たしかにその通りで、この映画は「空白」が多い。文字通り、画面の大半に「空白」があったり、物語的にも「空白」の部分があり、その「空白」を観客は想像力で補っていかないと、この映画は何が何だか分からないだろう。
トークのなかで、監督はこの映画では、まず歴史をどう映画で扱うのか、歴史と物語の問題を考えたそうだ。映画で「歴史」を取り上げると、それは物語になってしまうと。この点について考えていたらしい。

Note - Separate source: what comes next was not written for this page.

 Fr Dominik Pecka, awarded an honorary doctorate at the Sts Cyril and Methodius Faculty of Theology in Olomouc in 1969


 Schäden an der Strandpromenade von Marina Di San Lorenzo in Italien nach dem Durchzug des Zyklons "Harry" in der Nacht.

あとは、日本の近代史、近代化の問題。天皇を父として国民を支配する国家。それが日本の近代だったと。この映画で取り上げた大杉栄は、自由恋愛、男女平等の恋愛を理想として、三人の女性と同時に付き合っていたのだが、これが天皇制への批判となる可能性があったのだと言っていた。だから、大杉栄は非常に面白いと。ここに性と政治の問題が浮かび上がってくる。
それとの絡みでいえば、女性の支配・抑圧という問題も監督はしきりに口にする。映画にせよ、何にせよ、女性は常に男性から見られる存在であったこと。それが国家だったし、映画でもそうだったと。だから、女性が男性を見つめ返す、ということで伊藤野枝が登場するのだろう。

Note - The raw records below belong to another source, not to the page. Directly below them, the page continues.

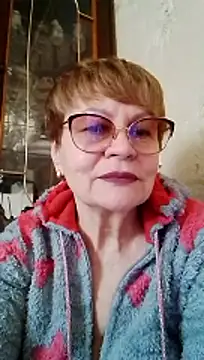 SophieBurns online show from April 22, 2026, 11:39 am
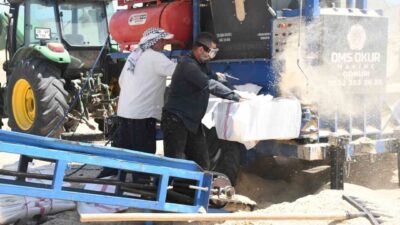 Yerköy ilçesinde hububat hasadının ardından biçerdöverlerin tarlalarda terk ettiği samanlar,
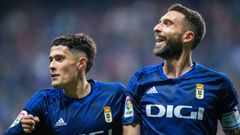 Hugo Rama y Borja Bast�n celebran el gol del Oviedo al Mirand�s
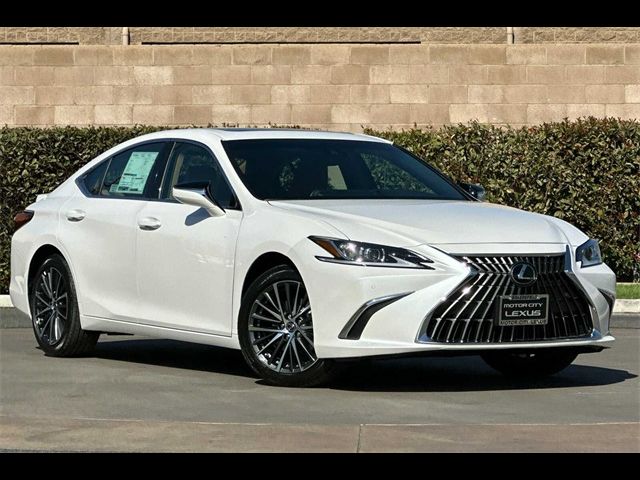 2025 Lexus ES 300h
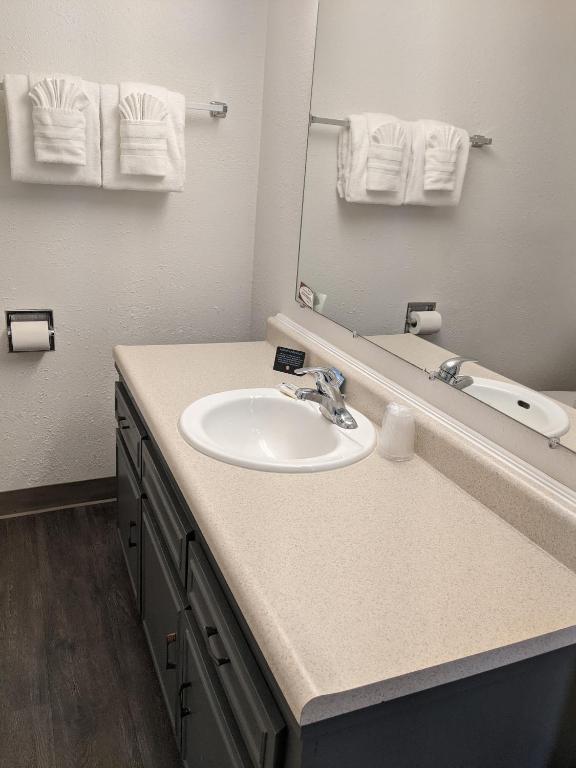 Golden North Inn photo
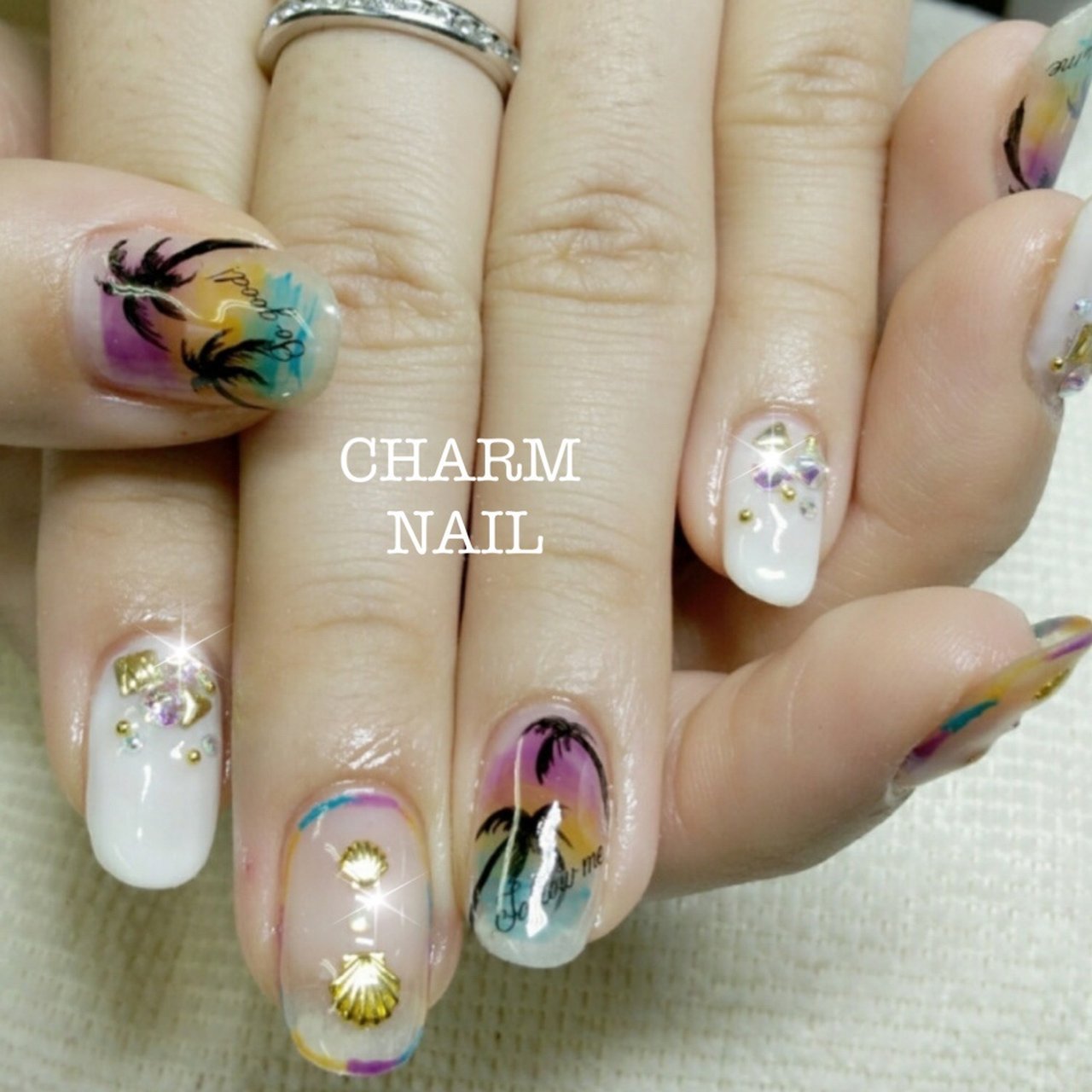 ハンド シェル ミディアム ピンク グリーン Yuukoのネイルデザイン No ネイルブック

中心から一方的に見つめる関係ではなく、互いに見つめ合う関係をどうやらこの映画に取り入れたらしい。この映画は、過去(伊藤野枝と大杉栄の物語)と現代(一九六〇年代の若い男女の物語)で構成されている。監督が言うには、過去は現在から一方的に見られるだけではないのだと。この映画では、過去からつまり伊藤野枝の視点から現在がどう見られるのか、ということも重要な問題点となる。その意味で、ラストで過去の物語を演じた人々スタジオに一同に集まり、現在の物語の男女が記念写真を撮る場面は、過去と現在の対話であろうし、過去を「現在」として語ろうとする行為は、まさしく映画の語りそのものでもある。映画は、つねにあらゆるものを「現在」としか語るものなのだから。

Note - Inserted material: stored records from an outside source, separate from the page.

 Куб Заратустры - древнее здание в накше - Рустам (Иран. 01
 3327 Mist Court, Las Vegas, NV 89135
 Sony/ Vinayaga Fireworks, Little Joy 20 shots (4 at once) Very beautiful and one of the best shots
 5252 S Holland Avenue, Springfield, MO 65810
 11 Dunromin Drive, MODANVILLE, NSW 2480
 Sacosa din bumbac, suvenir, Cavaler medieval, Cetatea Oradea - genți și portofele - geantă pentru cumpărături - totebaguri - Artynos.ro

トークを通じて感じたのは、監督は「権力」を常に問題化してきたのだなあということだ。国家の権力、家族制度の権力、そして物語(あるいは映画)の権力。映画の「権力」に関しては、こんなことを言っていた。たとえば、小津の映画では、画面の中央に人物を配置している。これは、観客にこれを見よと強制してしまうと述べていた。だから、吉田監督としては、画面の中央に「空白」を置いたりして、映画の持つ権力への抵抗を『エロス+虐殺』では行っている。このように「権力」を批判すること、そしてできる限りこの「権力」から遠ざかること。吉田喜重の映画とは、そのような挑戦の連続だったのであろう。この辺は、もっと映画を見て考えていきたい。でも、それにしても、この映画は難しい。